● **Exercise**
From the first line to the last, set down the data exactly as given.
# # #
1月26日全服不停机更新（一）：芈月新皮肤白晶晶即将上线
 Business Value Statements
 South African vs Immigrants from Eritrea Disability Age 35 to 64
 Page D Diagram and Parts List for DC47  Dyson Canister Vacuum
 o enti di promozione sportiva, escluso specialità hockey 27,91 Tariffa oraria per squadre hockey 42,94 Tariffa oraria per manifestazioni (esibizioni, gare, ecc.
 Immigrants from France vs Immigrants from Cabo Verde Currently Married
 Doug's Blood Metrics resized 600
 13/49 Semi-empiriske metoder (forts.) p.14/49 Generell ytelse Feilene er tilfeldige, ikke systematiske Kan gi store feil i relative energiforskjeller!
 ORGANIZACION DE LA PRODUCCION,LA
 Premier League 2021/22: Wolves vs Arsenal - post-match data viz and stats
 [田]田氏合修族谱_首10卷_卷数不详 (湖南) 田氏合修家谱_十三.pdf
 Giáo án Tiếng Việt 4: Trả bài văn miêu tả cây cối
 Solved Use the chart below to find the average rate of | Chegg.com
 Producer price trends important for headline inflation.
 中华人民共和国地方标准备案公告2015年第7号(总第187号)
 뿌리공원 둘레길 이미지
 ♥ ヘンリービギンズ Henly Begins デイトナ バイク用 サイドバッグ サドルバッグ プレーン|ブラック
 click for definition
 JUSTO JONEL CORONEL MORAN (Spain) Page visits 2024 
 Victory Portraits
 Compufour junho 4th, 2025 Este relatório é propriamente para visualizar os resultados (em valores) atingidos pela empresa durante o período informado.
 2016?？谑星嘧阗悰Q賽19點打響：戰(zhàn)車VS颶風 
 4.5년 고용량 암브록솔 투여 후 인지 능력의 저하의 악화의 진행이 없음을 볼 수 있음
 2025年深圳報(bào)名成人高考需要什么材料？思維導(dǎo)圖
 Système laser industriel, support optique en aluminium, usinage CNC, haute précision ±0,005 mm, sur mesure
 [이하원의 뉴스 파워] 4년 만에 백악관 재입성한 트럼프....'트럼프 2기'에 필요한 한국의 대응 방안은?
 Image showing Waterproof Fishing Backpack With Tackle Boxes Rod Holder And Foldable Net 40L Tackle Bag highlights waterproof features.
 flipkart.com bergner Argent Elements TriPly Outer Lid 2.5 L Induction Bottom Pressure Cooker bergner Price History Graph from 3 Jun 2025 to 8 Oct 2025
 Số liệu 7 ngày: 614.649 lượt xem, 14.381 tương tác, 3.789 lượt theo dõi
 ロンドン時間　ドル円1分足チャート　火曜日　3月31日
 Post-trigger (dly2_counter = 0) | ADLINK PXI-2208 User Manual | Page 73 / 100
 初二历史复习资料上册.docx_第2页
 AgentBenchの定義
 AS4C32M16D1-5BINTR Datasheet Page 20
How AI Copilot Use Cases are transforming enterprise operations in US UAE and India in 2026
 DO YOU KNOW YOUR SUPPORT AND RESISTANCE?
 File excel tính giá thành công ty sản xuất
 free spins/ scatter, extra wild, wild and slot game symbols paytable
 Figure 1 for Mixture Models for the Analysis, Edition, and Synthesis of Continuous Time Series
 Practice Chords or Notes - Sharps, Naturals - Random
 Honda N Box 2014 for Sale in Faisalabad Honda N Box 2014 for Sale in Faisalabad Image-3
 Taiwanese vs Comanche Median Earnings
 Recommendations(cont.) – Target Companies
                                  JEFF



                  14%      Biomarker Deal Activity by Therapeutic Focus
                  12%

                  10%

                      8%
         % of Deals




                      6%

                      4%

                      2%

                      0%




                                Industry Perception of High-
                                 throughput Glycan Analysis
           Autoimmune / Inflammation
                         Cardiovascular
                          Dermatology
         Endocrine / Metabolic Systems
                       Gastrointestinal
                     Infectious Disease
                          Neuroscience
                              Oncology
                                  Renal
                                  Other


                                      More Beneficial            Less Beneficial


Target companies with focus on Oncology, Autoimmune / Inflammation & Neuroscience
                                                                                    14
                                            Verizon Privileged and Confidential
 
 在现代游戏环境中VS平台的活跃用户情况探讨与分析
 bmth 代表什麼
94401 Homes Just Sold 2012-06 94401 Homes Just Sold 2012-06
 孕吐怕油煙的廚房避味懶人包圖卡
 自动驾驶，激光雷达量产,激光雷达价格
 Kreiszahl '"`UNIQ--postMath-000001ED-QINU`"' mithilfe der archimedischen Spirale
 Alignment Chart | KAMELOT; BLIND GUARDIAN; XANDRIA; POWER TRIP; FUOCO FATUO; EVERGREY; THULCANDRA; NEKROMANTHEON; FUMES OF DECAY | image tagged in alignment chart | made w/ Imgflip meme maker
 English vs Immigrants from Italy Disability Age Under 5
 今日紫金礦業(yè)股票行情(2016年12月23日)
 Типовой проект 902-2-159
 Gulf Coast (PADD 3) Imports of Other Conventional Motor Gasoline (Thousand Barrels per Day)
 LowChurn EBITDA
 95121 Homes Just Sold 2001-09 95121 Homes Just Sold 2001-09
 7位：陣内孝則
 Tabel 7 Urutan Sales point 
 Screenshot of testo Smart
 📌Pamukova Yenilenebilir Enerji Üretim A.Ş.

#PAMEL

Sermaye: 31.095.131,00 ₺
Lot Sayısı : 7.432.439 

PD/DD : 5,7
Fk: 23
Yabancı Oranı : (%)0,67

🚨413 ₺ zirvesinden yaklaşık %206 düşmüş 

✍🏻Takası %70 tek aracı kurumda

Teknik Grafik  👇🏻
# # #
● **Solution for this task**
1月26日全服不停机更新（一）：芈月新皮肤白晶晶即将上线
 Business Value Statements
 South African vs Immigrants from Eritrea Disability Age 35 to 64
 Page D Diagram and Parts List for DC47  Dyson Canister Vacuum
 o enti di promozione sportiva, escluso specialità hockey 27,91 Tariffa oraria per squadre hockey 42,94 Tariffa oraria per manifestazioni (esibizioni, gare, ecc.
 Immigrants from France vs Immigrants from Cabo Verde Currently Married
 Doug's Blood Metrics resized 600
 13/49 Semi-empiriske metoder (forts.) p.14/49 Generell ytelse Feilene er tilfeldige, ikke systematiske Kan gi store feil i relative energiforskjeller!
 ORGANIZACION DE LA PRODUCCION,LA
 Premier League 2021/22: Wolves vs Arsenal - post-match data viz and stats
 [田]田氏合修族谱_首10卷_卷数不详 (湖南) 田氏合修家谱_十三.pdf
 Giáo án Tiếng Việt 4: Trả bài văn miêu tả cây cối
 Solved Use the chart below to find the average rate of | Chegg.com
 Producer price trends important for headline inflation.
 中华人民共和国地方标准备案公告2015年第7号(总第187号)
 뿌리공원 둘레길 이미지
 ♥ ヘンリービギンズ Henly Begins デイトナ バイク用 サイドバッグ サドルバッグ プレーン|ブラック
 click for definition
 JUSTO JONEL CORONEL MORAN (Spain) Page visits 2024 
 Victory Portraits
 Compufour junho 4th, 2025 Este relatório é propriamente para visualizar os resultados (em valores) atingidos pela empresa durante o período informado.
 2016?？谑星嘧阗悰Q賽19點打響：戰(zhàn)車VS颶風 
 4.5년 고용량 암브록솔 투여 후 인지 능력의 저하의 악화의 진행이 없음을 볼 수 있음
 2025年深圳報(bào)名成人高考需要什么材料？思維導(dǎo)圖
 Système laser industriel, support optique en aluminium, usinage CNC, haute précision ±0,005 mm, sur mesure
 [이하원의 뉴스 파워] 4년 만에 백악관 재입성한 트럼프....'트럼프 2기'에 필요한 한국의 대응 방안은?
 Image showing Waterproof Fishing Backpack With Tackle Boxes Rod Holder And Foldable Net 40L Tackle Bag highlights waterproof features.
 flipkart.com bergner Argent Elements TriPly Outer Lid 2.5 L Induction Bottom Pressure Cooker bergner Price History Graph from 3 Jun 2025 to 8 Oct 2025
 Số liệu 7 ngày: 614.649 lượt xem, 14.381 tương tác, 3.789 lượt theo dõi
 ロンドン時間　ドル円1分足チャート　火曜日　3月31日
 Post-trigger (dly2_counter = 0) | ADLINK PXI-2208 User Manual | Page 73 / 100
 初二历史复习资料上册.docx_第2页
 AgentBenchの定義
 AS4C32M16D1-5BINTR Datasheet Page 20
How AI Copilot Use Cases are transforming enterprise operations in US UAE and India in 2026
 DO YOU KNOW YOUR SUPPORT AND RESISTANCE?
 File excel tính giá thành công ty sản xuất
 free spins/ scatter, extra wild, wild and slot game symbols paytable
 Figure 1 for Mixture Models for the Analysis, Edition, and Synthesis of Continuous Time Series
 Practice Chords or Notes - Sharps, Naturals - Random
 Honda N Box 2014 for Sale in Faisalabad Honda N Box 2014 for Sale in Faisalabad Image-3
 Taiwanese vs Comanche Median Earnings
 Recommendations(cont.) – Target Companies
                                  JEFF



                  14%      Biomarker Deal Activity by Therapeutic Focus
                  12%

                  10%

                      8%
         % of Deals




                      6%

                      4%

                      2%

                      0%




                                Industry Perception of High-
                                 throughput Glycan Analysis
           Autoimmune / Inflammation
                         Cardiovascular
                          Dermatology
         Endocrine / Metabolic Systems
                       Gastrointestinal
                     Infectious Disease
                          Neuroscience
                              Oncology
                                  Renal
                                  Other


                                      More Beneficial            Less Beneficial


Target companies with focus on Oncology, Autoimmune / Inflammation & Neuroscience
                                                                                    14
                                            Verizon Privileged and Confidential
 
 在现代游戏环境中VS平台的活跃用户情况探讨与分析
 bmth 代表什麼
94401 Homes Just Sold 2012-06 94401 Homes Just Sold 2012-06
 孕吐怕油煙的廚房避味懶人包圖卡
 自动驾驶，激光雷达量产,激光雷达价格
 Kreiszahl '"`UNIQ--postMath-000001ED-QINU`"' mithilfe der archimedischen Spirale
 Alignment Chart | KAMELOT; BLIND GUARDIAN; XANDRIA; POWER TRIP; FUOCO FATUO; EVERGREY; THULCANDRA; NEKROMANTHEON; FUMES OF DECAY | image tagged in alignment chart | made w/ Imgflip meme maker
 English vs Immigrants from Italy Disability Age Under 5
 今日紫金礦業(yè)股票行情(2016年12月23日)
 Типовой проект 902-2-159
 Gulf Coast (PADD 3) Imports of Other Conventional Motor Gasoline (Thousand Barrels per Day)
 LowChurn EBITDA
 95121 Homes Just Sold 2001-09 95121 Homes Just Sold 2001-09
 7位：陣内孝則
 Tabel 7 Urutan Sales point 
 Screenshot of testo Smart
 📌Pamukova Yenilenebilir Enerji Üretim A.Ş.

#PAMEL

Sermaye: 31.095.131,00 ₺
Lot Sayısı : 7.432.439 

PD/DD : 5,7
Fk: 23
Yabancı Oranı : (%)0,67

🚨413 ₺ zirvesinden yaklaşık %206 düşmüş 

✍🏻Takası %70 tek aracı kurumda

Teknik Grafik  👇🏻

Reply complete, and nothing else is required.